Graduate Networks, UCSD

CSE222 – Spring 2009

Building a Robust Software-Based Router Using Network Processors April 30, 2009

The authors describe a 3 tiered processor structure for a software based router using a Pentium computer and a network processor (also from Intel). The aim is to show that using the tiered approach data and control packets can be routed at Gbs line rates while allowing for software based protocol extensibility.

The Intel network processor board comes with DRAM and SRAM caches as well as several MicroEngines and a StrongARM processor.  The MicroEngines are programed using microcode and can perform very fast rudimentary instructions (dequeue, enqueue, copy, etc.). The MicroEngines can operate in parallel servicing input and output ports. The StrongARM processor is used to service exceptional packets, those that incur a route lookup miss or are control packets. The StrongARM process runs as a single process and is capable of forwarding even more “exceptional” packets across a PCI bus to the Pentium processor. The Pentium processor is used to perform compute intensive operations such as calculating shortest paths.

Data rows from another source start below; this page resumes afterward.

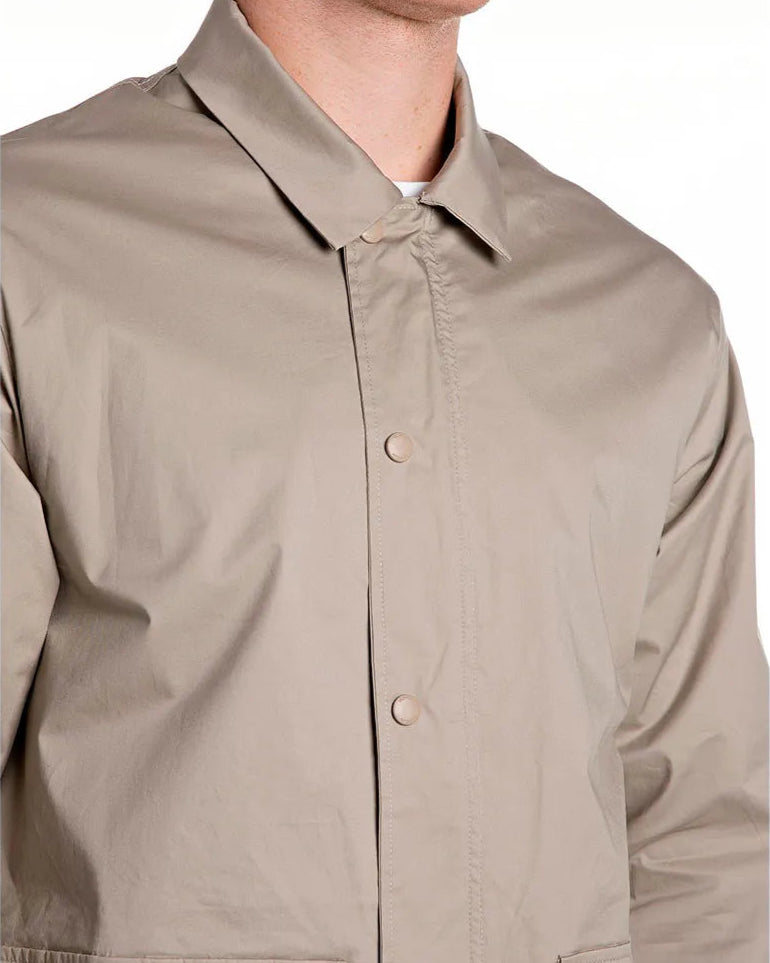 REPLAY PÁNSKA KEPROVÁ BUNDA REGULAR-FIT 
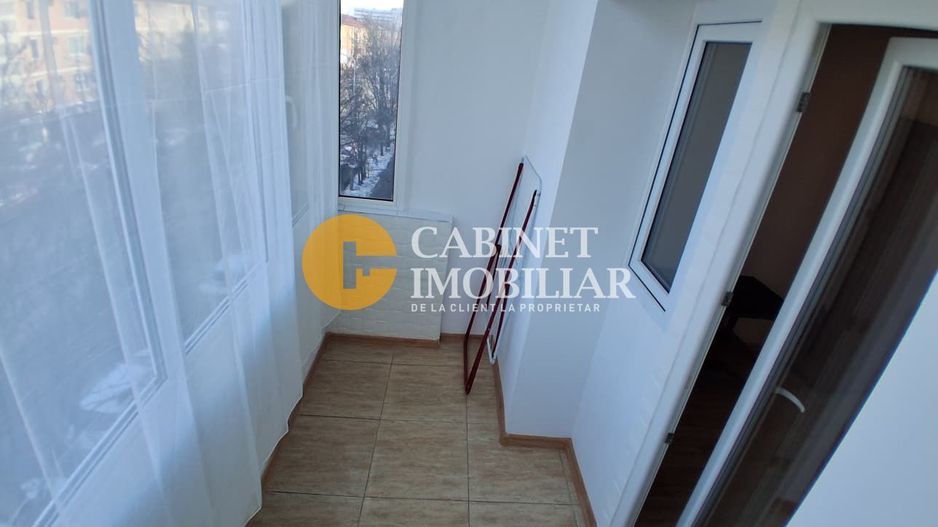Apartament 2 camere, decomandat, Zona Bucsinescu Iasi - Poză 6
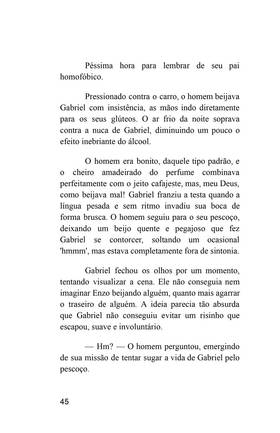 Read 365 dias apaixonado  6 Page 6 in Brazilian Portuguese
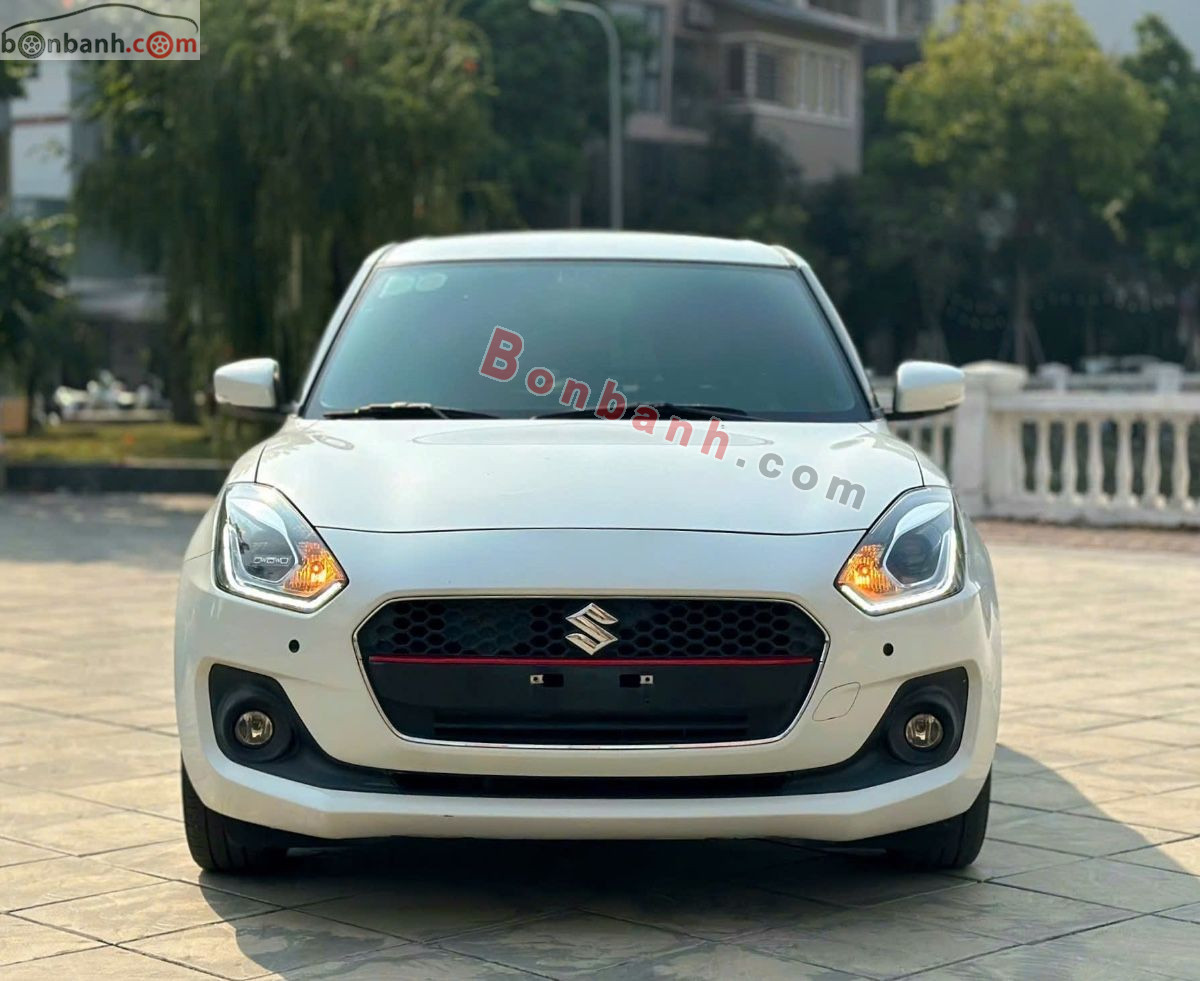Bán ô tô Suzuki Swift GLX 1.2 AT - 2019 - xe cũ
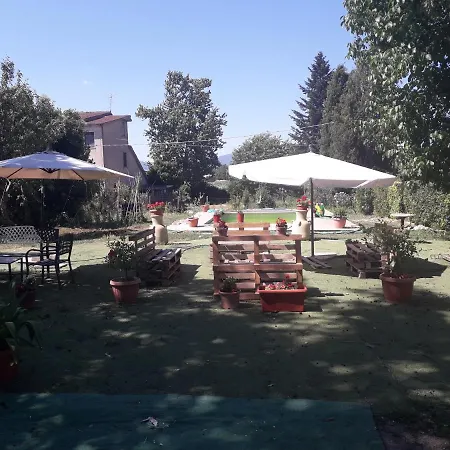Delle Rose Bed and breakfast 3*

The main contributions are in the design of the 3 tiered architecture and the design of the protocol extensions interface.

The architecture defines a fast path and a mechanism for routing through a longer path (more compute intensive). Packets arrive at an input port where they are queued in a FIFO. The packets are then processed in parallel by the MicroEngines that perform classification on the type of packet. If the packet can be forwarded on by the MicroEngines, they perform whatever transformation is necessary and enqueue the packet in an output FIFO. If the packet requires further processing, it is put into RAM where the StrongARM processor will check for packets to process. The StrongARM processor may copy some or all of the packets onto the PCI bus for the Pentium processor to service. The Pentium can copy back transformed packets via the PCI bus. When the StrongARM has completed the processing (or received the completion from the Pentium processor), it is responsible for forwarding the packet to the appropriate output queue. MicroEngines also work in parallel to service copying from output FIFOs to the output ports. Contention for output ports is solved by using mutual exclusion (implemented using a passing token).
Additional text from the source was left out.